Martin Bosslet <Martin.Bosslet / googlemail.com> wrote:
> >  I use an "-*- encoding: binary -*-" comment at the top of all Ruby
> >  source files where I initialize string literals for storing binary data.
> >  It's cleaner than setting Encoding::BINARY on every string I create
> >  (and nearly all my code works exclusively on binary data).
> 
> I'm afraid this had no effect, or I did it wrong, or I might also have 
> misunderstood you. The incoming string s already has UTF-8 encoding, so 
> 
>     @wbuffer << s
> 
> ends up as UTF-8 regardless of the encoding I set for the .rb file, I
> figured this was because "<<" calls rb_str_append which again calls
> rb_enc_check which will determine a compatible encoding, in this case
> UTF-8, for @wbuffer. But again, I might have misunderstood you.

You're right.  rb_str_append() modifies the empty @wbuffer to the
encoding of "s" above  :(

I suppose calling @wbuffer.force_encoding(Encoding::BINARY) after
@wbuffer is necessary (unless you write the buffering code in C like
io.c does).

> >  Also, all of the Ruby (non-SSL) *Socket objects have Encoding::BINARY by
> >  default anyways, so I think SSLSocket should be the same.
> 
> I'm sorry, I don't understand what you mean by the *Socket objects have
> binary encoding by default - do you mean it's binary data they are expecting
> to deal with for input and output? So a user would have to make sure to only
> pass already BINARY-encoded strings to any *Socket?

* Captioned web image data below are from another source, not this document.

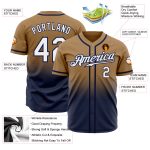 Personalized Old Gold White-Navy Authentic Fade Fashion Baseball Jersey Team Custom Name and Number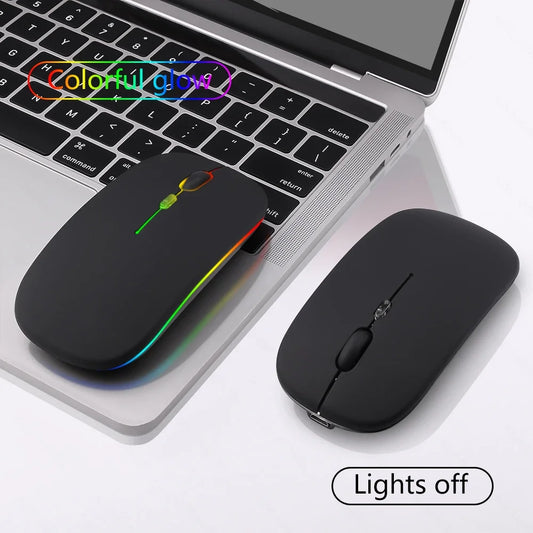 Wireless Mouse Bluetooth-Compatible 2.4GHz Dual Modes Rechargeable RGB Ergonomic Silent Click for PC iPad Laptop Cell Phone Peaceful Pleasures Health and Wellness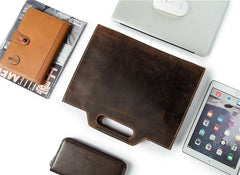 Brown Leather Men's Simple Professional Briefcase 13‘’ Laptop Handbag Business Bag For Men - imessengerbags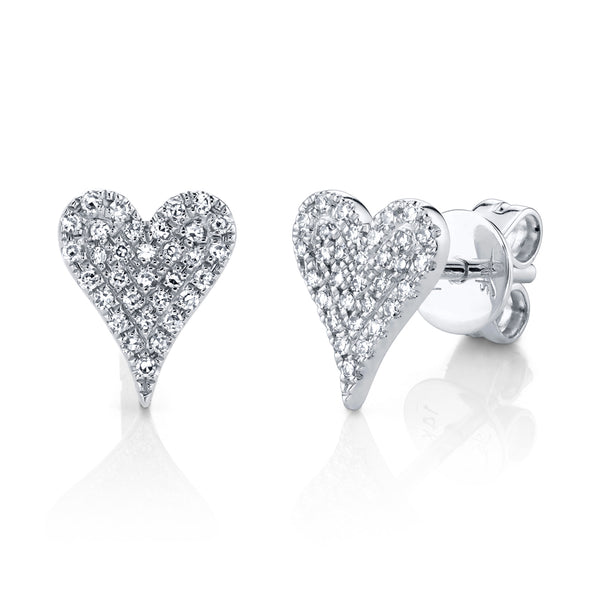 0.14CT DIAMOND PAVE HEART STUD EARRING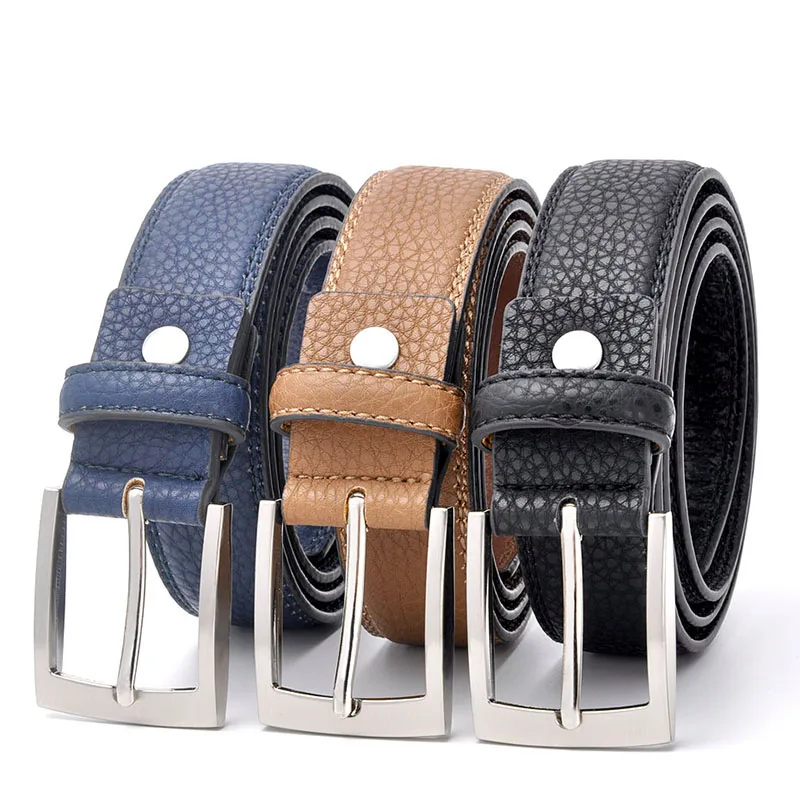 Top Trends: Fashion Accessories Trends Jeans Belt Men Cowskin Blue Dress With Belt Accessories For Men Trouser Waistband Silver Metal Belt Shoppable Styles - Image 4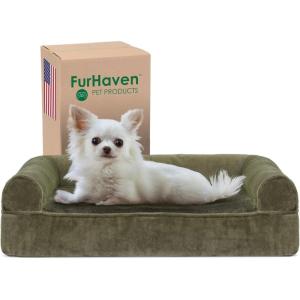 Furhaven Replacement Dog Bed Cover Berber & Suede Blanket Top Mattress, Machine Washable – Espresso, Large((Faux Fur & Velvet) Dark Sage)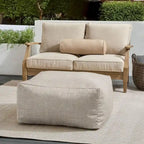 Pouf Sorra Home Sunbrella d'extérieur, couleur unie, bords cousus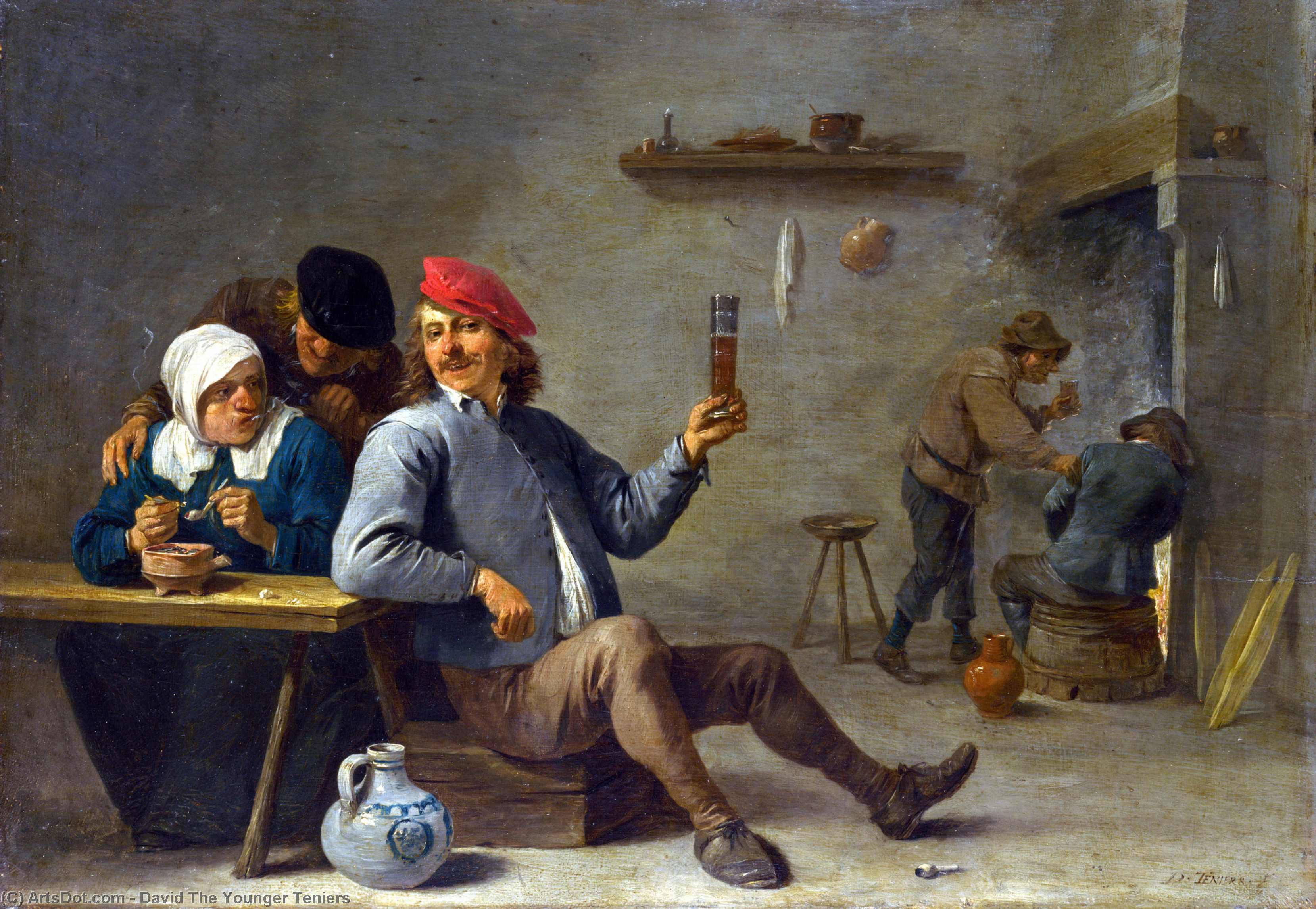 A Man Holding A Glass And An Old Woman Lighting A Pipe — David Teniers The Younger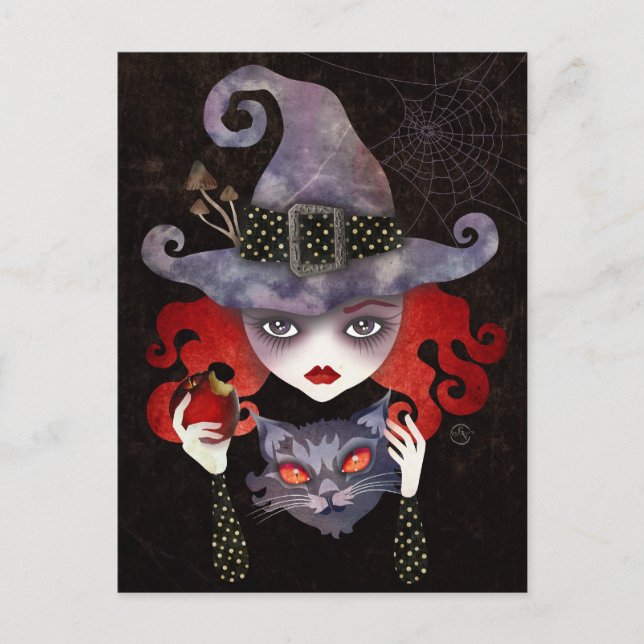 Maelba, la tarjeta postal de bruja roja (Anverso)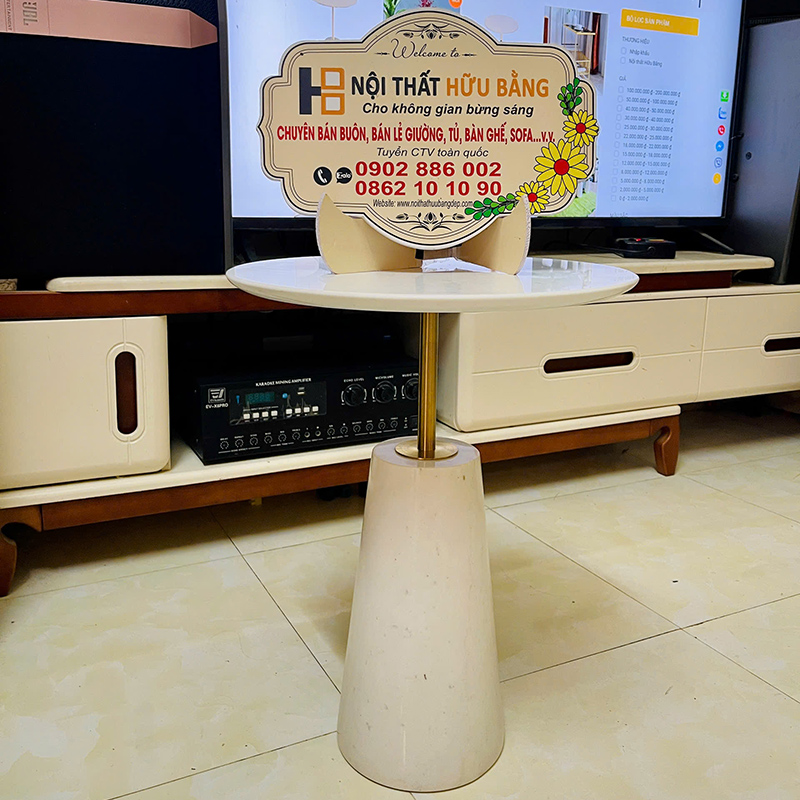 Bàn side tab cạnh sofa đá trắng vân mây tự nhiên nguyên khối BC686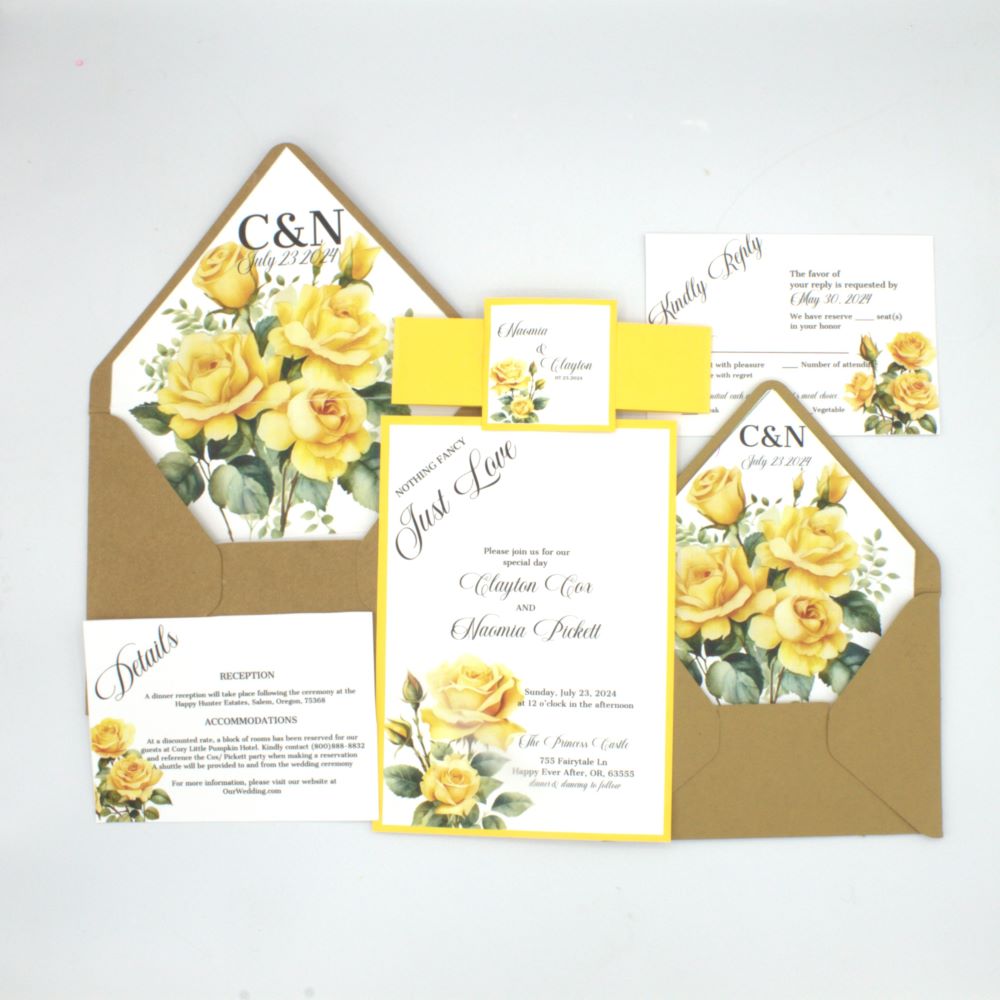 Yellow Rose Invitation Suite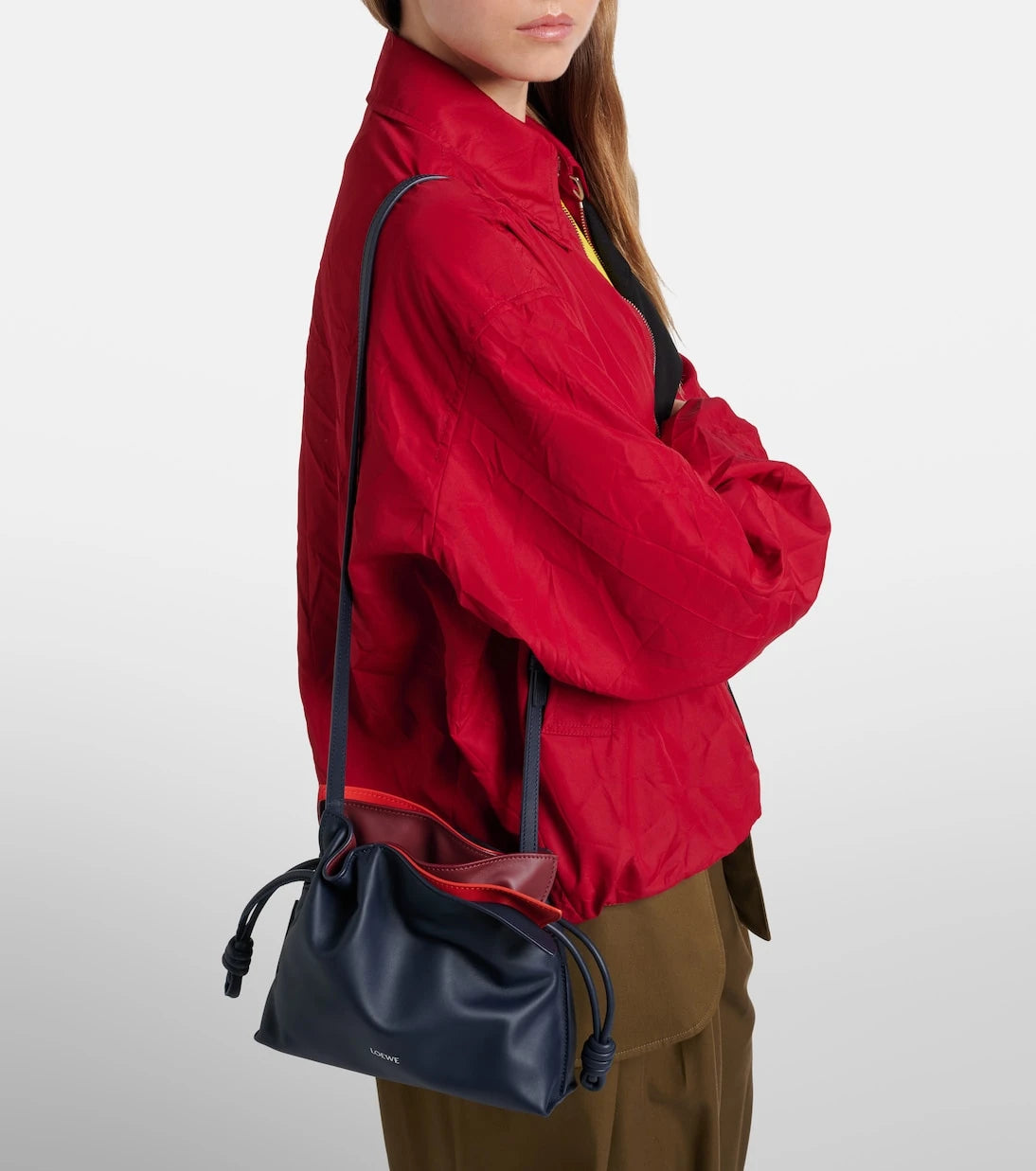 Loewe - Layered Flamenco Mini leather clutch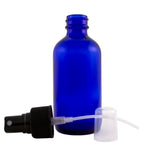 Blue 4oz Glass Bottle with Pump for Essential Oils (Black Spray)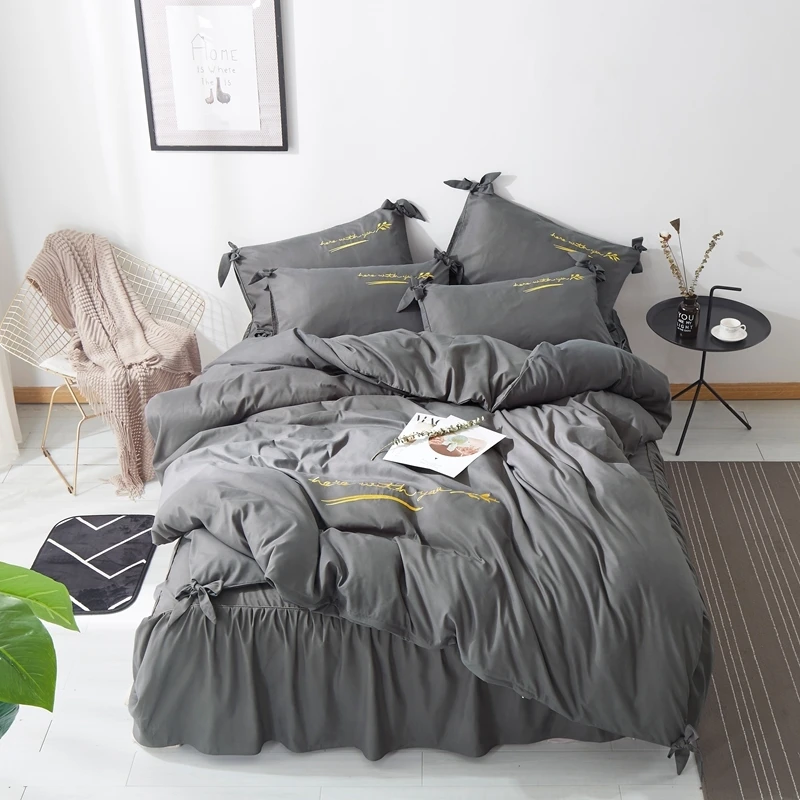 

4pcs Grey Bedding Set Solid Color Bed Skirt Embroidered Soft Flat Sheet Princess Bed Spread Bed Cover Quilt Cover Queen Size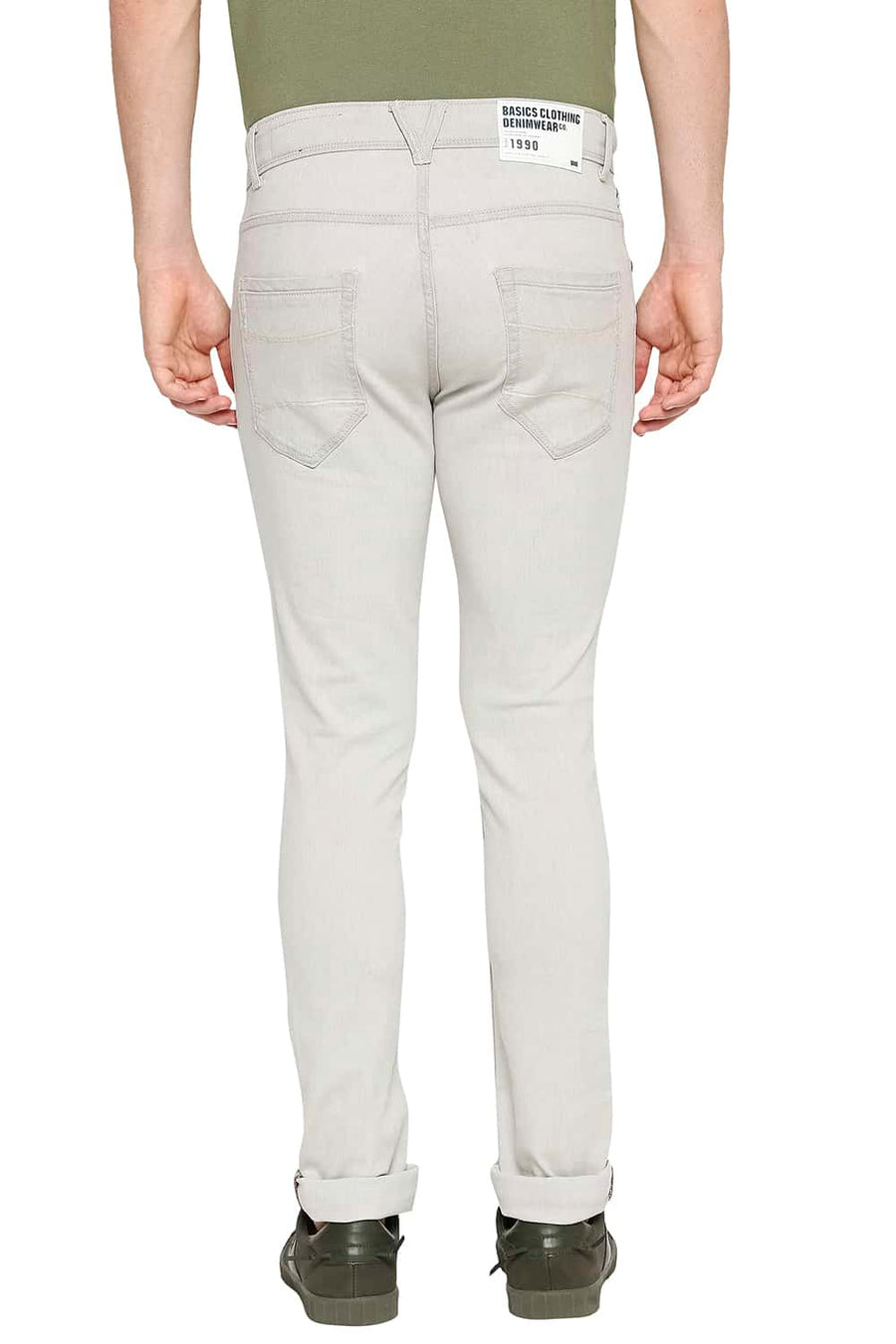 BASICS BLADE FIT SILVER BIRCH STRETCH JEANS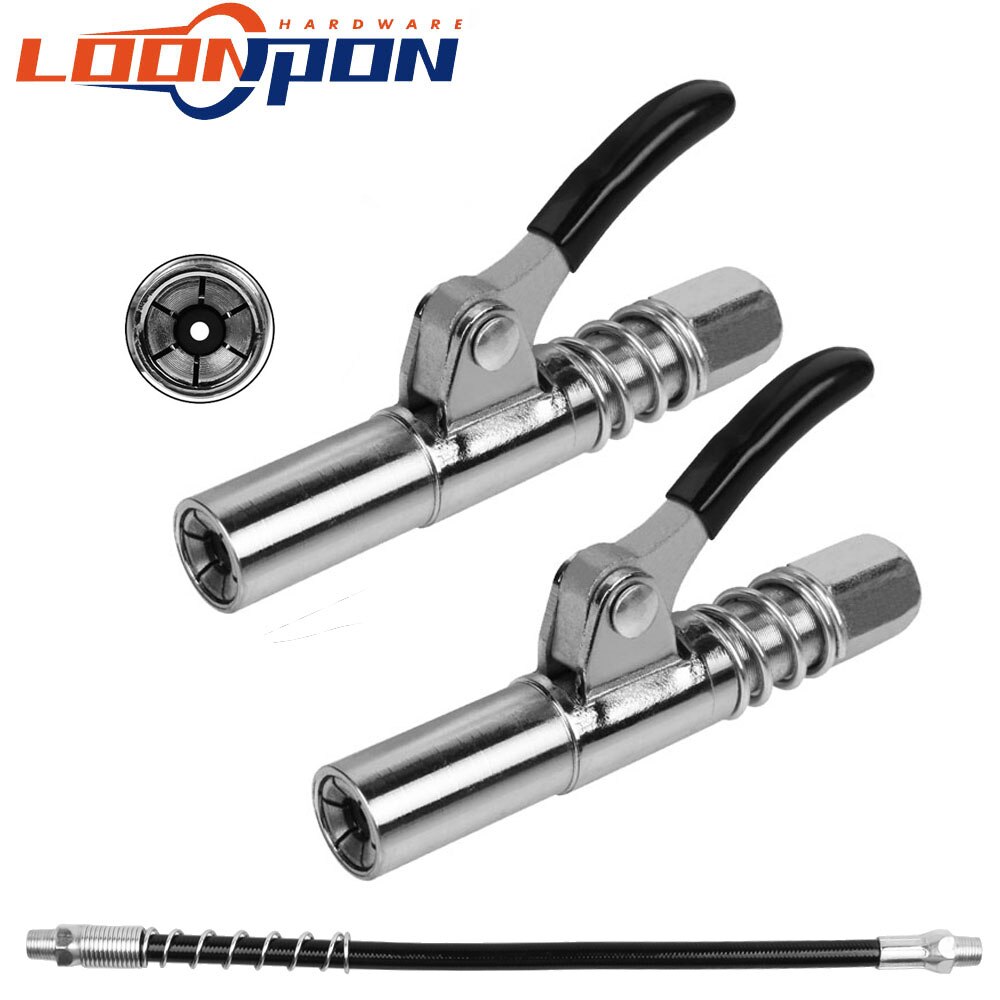 Grease Gun Coupler High Pressure Grease Coupler NPTI/8 10000PSI Quick Lock On Release Grease Gun Tip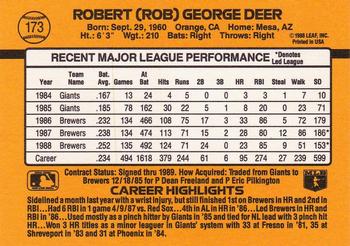 1989 Donruss #173 Rob Deer Back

For all newly-created *Socket objects, external_encoding is already
ASCII-8BIT (binary) and the sockets should just pass the byte buffer of
any underlying String objects given to it.

> I quickly checked with a TCPServer and Net::HTTP client, there the aforementioned
> situation would work, when sending 100000 a-Umlauts you again receive the same
> amount, after enforcing the response to UTF-8 again, of course. That's why I
> thought that an SSLSocket should behave the same way. 

Yes, underlying IO#read/read_nonblock/sysread for the TCPSocket objects
should return new ASCII-8BIT Strings.  You needed to force them to UTF-8
yourself upon receipt.